The story is about a bunch of industrialists, people who are making things that take the world forward, and their chief opposition, the government that stops them from being super efficient by implementing taxes and imposing curbs. our protagonist is chiefly Dagny Taggart, a lady who is fit to be in that elite group of thinkers, people with minds, and also the Vice President of Taggart Transcontinental, a railway line she is keen on building to make lives easier for the American people. The company is headed by her wimpy brother James, who is indecisive and who sides with the opposition (the government) and is against anything progressive (like Dagny). There is also Hank Rearden of Rearden steel who has made some new alloy of steel that's way out of the league of other steel in the market. Naturally Dagny is drawn to Hank (the name gives him away as a hero). For some reason Hank, despite being the hero character, is strangely hen pecked and humiliated by his family for sometime in the early parts of the book.

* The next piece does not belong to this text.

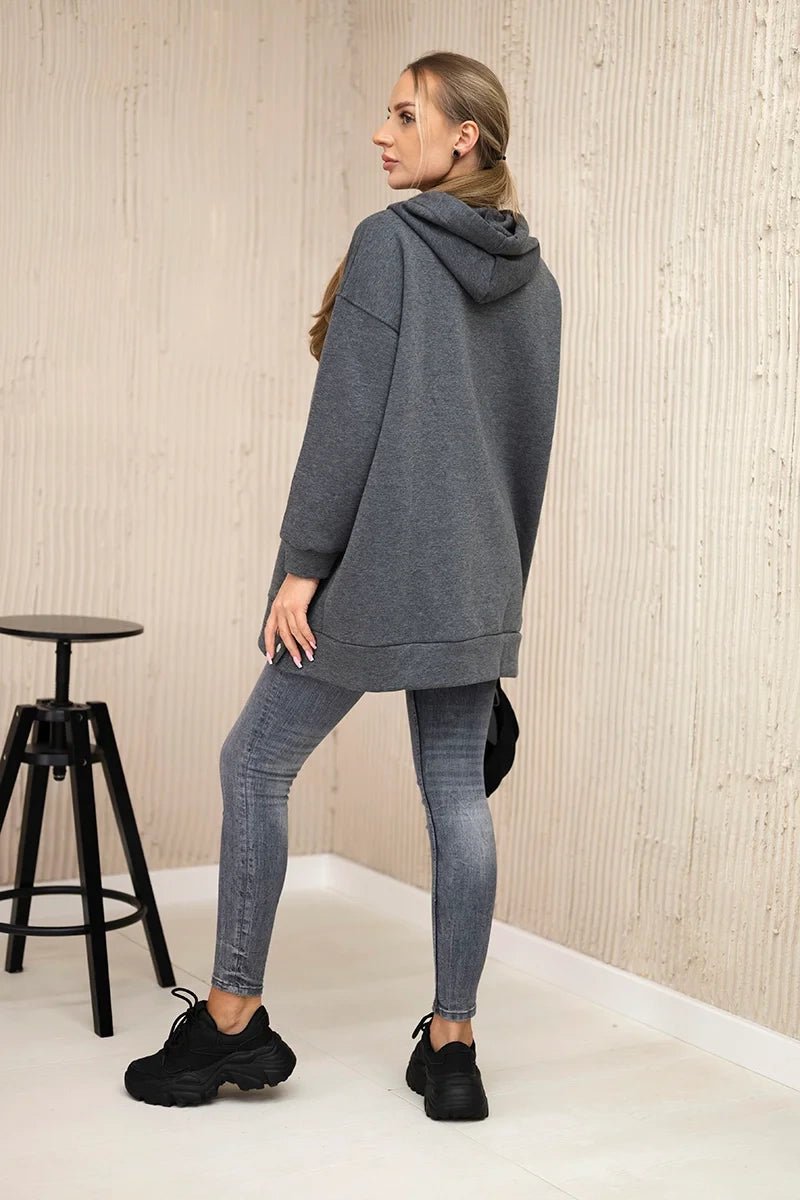 Insulated sweatshirt with press studs 9358 / – Graphite цвет / color | Lexline Fashion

That's not important. There is a character called John Galt who is the one leading the resistance against the system (sadly they are fully outnumbered because the ones with minds and rationality and courage and heroism are less than ten). The story is pretty much how Galt and his gang of brilliant minds drop their great industries and create their own world with their own currency and work in petty jobs,and also make great scientific inventions, but most importantly, stop the world's motor. They say that the world does not deserve people like them and they will go on strike against the world. In the end the system tries to compromise with them and I don't really know how it ends except that perhaps the people realise they have been looted by the looters and go on strike too. Anarchy perhaps reigns.
I have found the characters to be too one dimensional - good or bad, black or white. The heroes are full of themselves and I don't know why. If you're so smart, you should be controlling the system and not the other way around. It's easy to run away but what we want from our heroes is not pages of rhetoric but action that goes towards seizing control, staying on the ground and fighting and delivering what they want to deliver. I found all her heroes rather hollow that way - too much talk and too little action in the right direction. There are some lines that are memorable of course - like the people with minds saying they will not live for any other person and do not expect any other person to live for them etc. I do like the idea of first living for oneself, for profit and not being ashamed of it. That part is bang on and I can imagine myself fully falling for it as a youngster. But now I feel that the heroes could have used their minds better to get their cake and eat it too - to outwit the system and really move the world forward.